Predictions: [0 0 0 0 0 0 0 0 0 0 0 0 0 0 0 0 0 0 0 0 0 0 0 0 0 0 0 0 0 0 0 0 0 0 0 0 0 0 0 0 0 0 0 0 0 0 0 0 0 0 0 0 0 0 0 0 0 0 0 0 0 0 0 0 0 0 0 0 0 0 0 0 0 0 0 0 0 0 0 0 0 0 0 0 0 0 0 0 0 0 0 0 0 0 0 0 0 0 0 0]

🔍

Dry Run

Let's trace a sample patient data through the model prediction.

Load and prepare data

Features X shape: (442, 10), Target y binarized with threshold 140

Split data

Training set size: 353, Testing set size: 89

Train logistic regression

Model learns weights from training data

Predict on test data

Model outputs array of 0s and 1s for diabetes prediction

Test Sample Index	Predicted Label
0	0
1	0
2	0
3	0
4	0

💡

Why This Works

Step 1: Load and binarize data

We use load_diabetes() to get features and convert continuous target to binary labels with target > 140 to mark diabetes presence.

Step 2: Train logistic regression

Logistic regression fits a model to separate diabetes vs no diabetes by learning weights for each feature.

Step 3: Predict diabetes

The trained model predicts 0 or 1 for new data, indicating absence or presence of diabetes.

🔄

Alternative Approaches

Random Forest Classifier

sklearn

from sklearn.datasets import load_diabetes
from sklearn.ensemble import RandomForestClassifier
from sklearn.model_selection import train_test_split

# Load and binarize target
data = load_diabetes()
X = data.data
y = (data.target > 140).astype(int)

X_train, X_test, y_train, y_test = train_test_split(X, y, test_size=0.2, random_state=42)

model = RandomForestClassifier(random_state=42)
model.fit(X_train, y_train)
predictions = model.predict(X_test)
print('Predictions:', predictions)

Random Forest can capture complex patterns better but is slower and less interpretable than logistic regression.

Support Vector Machine (SVM)

sklearn

from sklearn.datasets import load_diabetes
from sklearn.svm import SVC
from sklearn.model_selection import train_test_split

# Load and binarize target
data = load_diabetes()
X = data.data
y = (data.target > 140).astype(int)

X_train, X_test, y_train, y_test = train_test_split(X, y, test_size=0.2, random_state=42)

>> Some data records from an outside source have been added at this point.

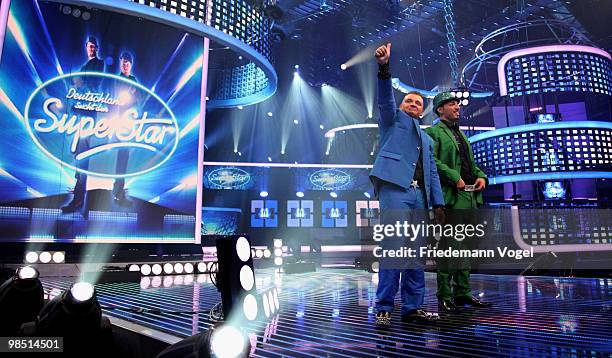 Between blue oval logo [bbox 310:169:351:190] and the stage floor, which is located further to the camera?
blue oval logo [bbox 310:169:351:190]

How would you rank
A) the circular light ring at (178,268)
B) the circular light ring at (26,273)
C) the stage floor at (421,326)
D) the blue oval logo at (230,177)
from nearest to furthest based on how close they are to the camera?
the stage floor at (421,326)
the circular light ring at (26,273)
the circular light ring at (178,268)
the blue oval logo at (230,177)

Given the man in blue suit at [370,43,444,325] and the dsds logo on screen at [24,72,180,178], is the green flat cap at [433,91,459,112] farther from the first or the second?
the dsds logo on screen at [24,72,180,178]

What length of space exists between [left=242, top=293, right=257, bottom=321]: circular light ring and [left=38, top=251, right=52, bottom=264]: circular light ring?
17.9 ft

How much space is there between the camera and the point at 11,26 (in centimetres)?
643

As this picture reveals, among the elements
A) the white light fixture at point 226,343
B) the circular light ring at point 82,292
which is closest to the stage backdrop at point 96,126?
the circular light ring at point 82,292

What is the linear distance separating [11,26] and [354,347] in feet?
24.3

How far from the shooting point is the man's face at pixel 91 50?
7.06 m

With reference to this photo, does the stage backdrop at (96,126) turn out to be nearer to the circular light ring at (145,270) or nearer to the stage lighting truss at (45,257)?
the stage lighting truss at (45,257)

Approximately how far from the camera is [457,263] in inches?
113

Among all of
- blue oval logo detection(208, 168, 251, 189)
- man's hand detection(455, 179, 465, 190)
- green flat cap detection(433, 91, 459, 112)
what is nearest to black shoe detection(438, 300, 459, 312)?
man's hand detection(455, 179, 465, 190)

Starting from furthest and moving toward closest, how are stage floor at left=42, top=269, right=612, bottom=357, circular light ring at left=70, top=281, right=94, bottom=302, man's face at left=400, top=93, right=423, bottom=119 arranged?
man's face at left=400, top=93, right=423, bottom=119, stage floor at left=42, top=269, right=612, bottom=357, circular light ring at left=70, top=281, right=94, bottom=302

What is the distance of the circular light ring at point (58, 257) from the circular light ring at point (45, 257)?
0.22ft

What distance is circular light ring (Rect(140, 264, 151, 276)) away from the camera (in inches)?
251

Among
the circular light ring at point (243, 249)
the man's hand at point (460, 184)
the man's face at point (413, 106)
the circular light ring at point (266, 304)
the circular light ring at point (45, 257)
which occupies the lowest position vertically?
the circular light ring at point (266, 304) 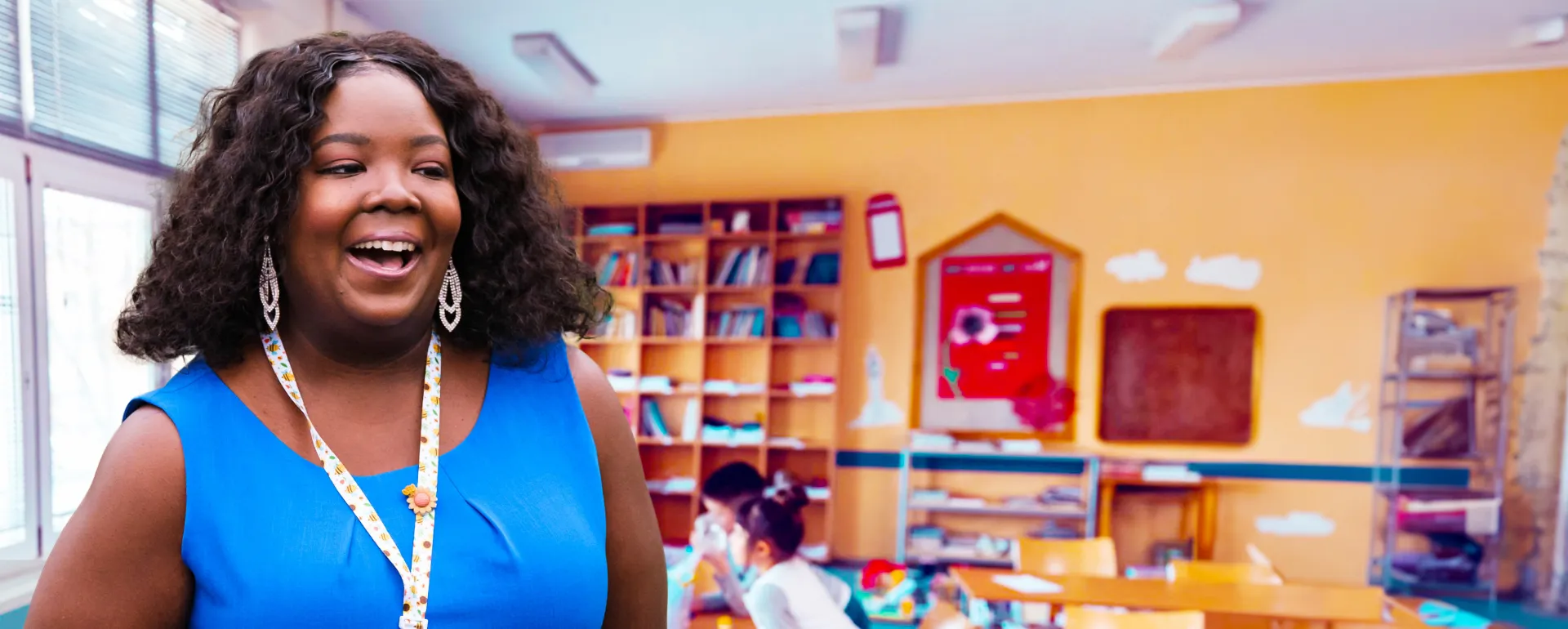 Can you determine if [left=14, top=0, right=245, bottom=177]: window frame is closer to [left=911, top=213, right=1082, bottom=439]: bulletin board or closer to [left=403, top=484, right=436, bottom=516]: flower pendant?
[left=403, top=484, right=436, bottom=516]: flower pendant

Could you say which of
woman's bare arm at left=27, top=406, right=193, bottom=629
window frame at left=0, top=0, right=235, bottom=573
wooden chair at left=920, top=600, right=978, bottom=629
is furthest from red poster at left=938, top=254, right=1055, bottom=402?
woman's bare arm at left=27, top=406, right=193, bottom=629

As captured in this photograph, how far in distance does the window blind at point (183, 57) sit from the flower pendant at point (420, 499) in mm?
2335

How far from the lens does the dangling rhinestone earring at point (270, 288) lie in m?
0.74

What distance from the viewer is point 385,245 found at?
72cm

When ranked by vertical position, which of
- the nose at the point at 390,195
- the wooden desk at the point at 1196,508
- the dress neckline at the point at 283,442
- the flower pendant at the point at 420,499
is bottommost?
the wooden desk at the point at 1196,508

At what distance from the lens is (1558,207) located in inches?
139

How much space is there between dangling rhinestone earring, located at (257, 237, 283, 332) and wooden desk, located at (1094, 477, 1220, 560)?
3.88 metres

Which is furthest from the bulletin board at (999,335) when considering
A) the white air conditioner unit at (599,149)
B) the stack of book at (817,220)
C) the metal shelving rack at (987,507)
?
the white air conditioner unit at (599,149)

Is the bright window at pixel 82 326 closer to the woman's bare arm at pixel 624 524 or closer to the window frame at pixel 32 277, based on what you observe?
the window frame at pixel 32 277

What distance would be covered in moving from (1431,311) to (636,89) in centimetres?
439

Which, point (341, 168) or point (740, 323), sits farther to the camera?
point (740, 323)

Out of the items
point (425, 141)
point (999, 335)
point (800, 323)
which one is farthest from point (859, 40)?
point (425, 141)

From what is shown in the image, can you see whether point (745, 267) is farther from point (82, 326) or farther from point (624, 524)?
point (624, 524)

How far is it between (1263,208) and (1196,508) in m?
A: 1.72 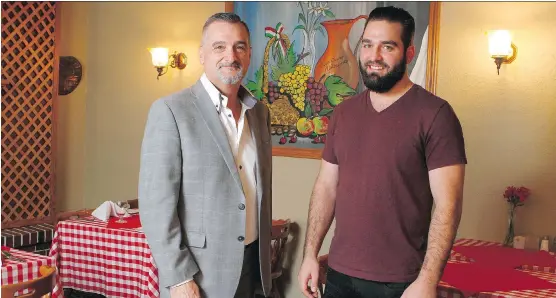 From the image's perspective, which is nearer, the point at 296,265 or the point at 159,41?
the point at 296,265

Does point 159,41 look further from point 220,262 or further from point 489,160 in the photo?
point 220,262

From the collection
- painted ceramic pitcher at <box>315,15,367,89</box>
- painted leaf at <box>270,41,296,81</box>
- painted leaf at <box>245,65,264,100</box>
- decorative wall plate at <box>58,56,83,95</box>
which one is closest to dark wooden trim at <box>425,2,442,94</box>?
painted ceramic pitcher at <box>315,15,367,89</box>

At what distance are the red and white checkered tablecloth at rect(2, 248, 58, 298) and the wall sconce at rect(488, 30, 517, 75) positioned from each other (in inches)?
88.4

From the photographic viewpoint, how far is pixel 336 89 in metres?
3.87

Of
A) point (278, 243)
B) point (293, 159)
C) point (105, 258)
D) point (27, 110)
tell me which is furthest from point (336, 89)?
point (27, 110)

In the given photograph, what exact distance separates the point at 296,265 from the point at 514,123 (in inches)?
63.1

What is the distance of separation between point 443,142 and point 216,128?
599mm

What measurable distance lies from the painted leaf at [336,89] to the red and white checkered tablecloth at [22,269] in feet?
6.35

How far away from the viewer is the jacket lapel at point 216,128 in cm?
174

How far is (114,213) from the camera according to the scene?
3549 mm

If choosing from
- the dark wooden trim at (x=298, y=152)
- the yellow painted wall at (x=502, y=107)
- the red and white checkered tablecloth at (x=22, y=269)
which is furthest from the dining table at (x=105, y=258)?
the yellow painted wall at (x=502, y=107)

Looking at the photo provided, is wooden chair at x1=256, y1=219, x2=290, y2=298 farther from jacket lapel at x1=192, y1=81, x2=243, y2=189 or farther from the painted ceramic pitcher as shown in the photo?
jacket lapel at x1=192, y1=81, x2=243, y2=189

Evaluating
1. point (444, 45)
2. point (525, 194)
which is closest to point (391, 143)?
point (525, 194)

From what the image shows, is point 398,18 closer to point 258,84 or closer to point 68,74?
point 258,84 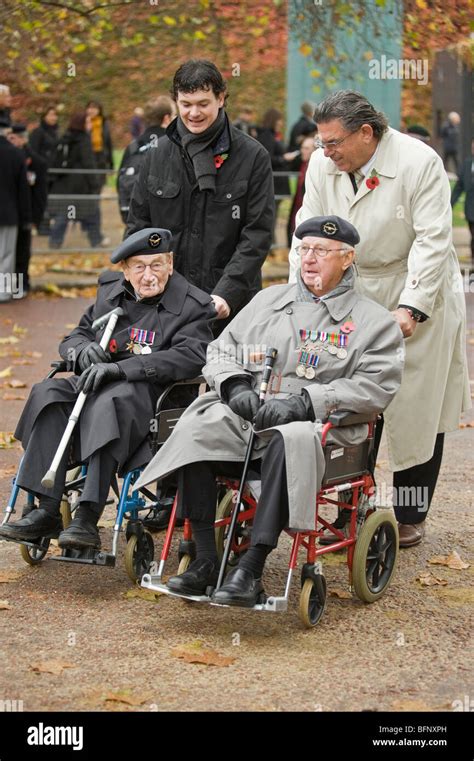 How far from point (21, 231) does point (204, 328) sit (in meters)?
9.12

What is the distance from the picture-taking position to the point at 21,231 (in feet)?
48.1

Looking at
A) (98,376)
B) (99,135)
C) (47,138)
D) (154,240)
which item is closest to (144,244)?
(154,240)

model = SVC(kernel='linear')
model.fit(X_train, y_train)
predictions = model.predict(X_test)
print('Predictions:', predictions)

SVM with linear kernel works well for binary classification but can be slower on large datasets.

⚡

Complexity: O(n * d * i) time, O(n * d) space

Time Complexity

Training logistic regression takes O(n * d * i) where n is samples, d is features, and i is iterations for convergence.

Space Complexity

Storing data and model weights requires O(n * d) space; model weights are O(d).

Which Approach is Fastest?

Logistic regression is fastest and simplest; Random Forest and SVM are slower but may improve accuracy.

Approach	Time	Space	Best For
Logistic Regression	O(n * d * i)	O(n * d)	Fast, interpretable binary classification
Random Forest	O(trees * n * d * log n)	O(n * d)	Complex patterns, better accuracy
SVM	O(n^2 * d)	O(n * d)	High-dimensional data, margin-based classification

💡

Always split your data into training and testing sets to check how well your model predicts new data.

⚠️

Beginners often forget to convert continuous diabetes targets into binary labels before classification.